21 Ekim 2014 Salı

Gizlenen Türk Tarihi Hakkıda Bilgiler

Türklerin Tarihi

Hz. Zülkarneyn (a.s) kimdir ne zaman ortaya çıkmıştır?
Orhun yazıtlarında gizlenen Türk tarihi gerçeği nedir?
Hz. Osman'ın kılıcının gizemi nedir?
Osman Gazi'nin ilk ismi  neydi  ve niçin osman olmuştur?
Kâbe'nin anahtarları hangi millete emanet edilmiştir?
Bilindiği gibi orhun yazıtları  bilinene türk tarihinin görülen  ilk yazılı belgeleri bilgileridir. Ancak Asırlardan beri gözümüzden kaçınan veya kaçırılan bir bilgi  var ki, bu gerçek de o yazıtların üzerinde gizlidir.

nedir bizim için çok önemli olan bu bilgi?


bu gerçeği ortaya  çıkarabilmek için kur'an-ı kerim'in kehf suresi'ne bakmamız gerek. çünkü asırlardır ortaya çıkmayan  sır, yüce vahiy kitabı kur'an-ı kerim'dedir.

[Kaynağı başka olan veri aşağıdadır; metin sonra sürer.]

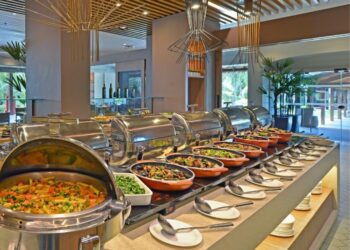 Hotel Deville Prime Salvador celebra o Dia das Mães com almoço especial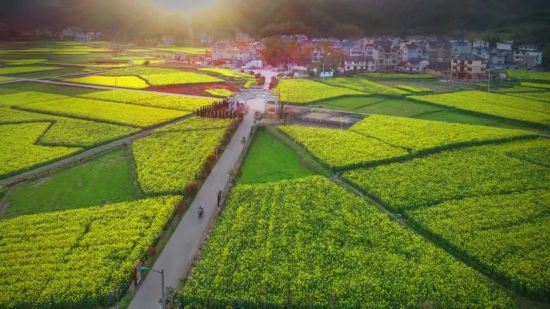 白马村旅游景点有哪些_白马风景区_白马特色旅游村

şimdi Orhun kitâbeleri'ne şöyle kısaca bir göz atalım:
gizli türk tarihi

" ben Türk bilge kağan; doğuda gün doğusuna, güneyde gün ortasına kadar, batıda gün batısına, kuzeyde gece ortasına kadar bütün milletler bana bağlıdır. bunca milleti sürekli düzene soktum, ilerlettim. doğuya ordu sevk ettim. bir çok yerlere gittim.

tanrı (tengri) benim aciz bedenime yardım ettiği için halkıma ; gözle görülmeyecek, kulakla işitilmeyen bölgeler kazandırdım. tanrının emri olduğu için, devletli olduğum için size kağan oldum. tengri yardım ettiği için dört yöndeki milleti derleyip topladım.

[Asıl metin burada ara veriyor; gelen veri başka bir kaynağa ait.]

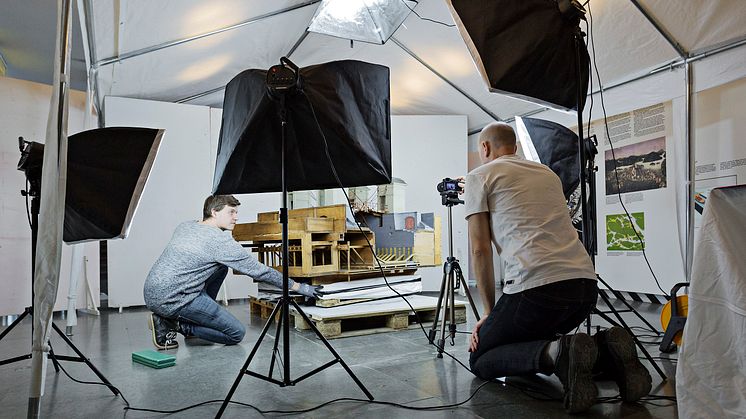 Tekniska museets skatter scannas och fotograferas. Foto: Anna Gerdén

ey Türk milleti; üstte gök inmedikçe, yerin altı  delinmedikçe, ilini,ilmini, töreni kim bozabilir? ey türk milleti, titre ve kendine dön!"

bilge kağan mealen ve orijinal deki aslında şunları da anlatmaktadır:

" gittiğim yerlerde güneşin toprağı kavurduğu, güneşin battığı yerdeki son millete halka gittim. onların arasında hüküm  verdim. sonra dünyanın diğer  öbür ucuna, güneşin doğduğu millete vardım. orada bulduğum milleti boyunduruğu m altına aldım. birbirleriyle olan çekişmelerine savaşlarına  son verdim. ordumla allahın buyruğu olarak adalet getirdim.Allahın buyruğu olarak bunları yaptım…."

şimdi buraya kadar anlattıklarımız, asıl anlatacağımız konuya hazırlık için ön bilgilerdi:

şimdi, kehf suresi 85. ayet ile konumuza  başlayalım: " o da bir yol tutup gitti."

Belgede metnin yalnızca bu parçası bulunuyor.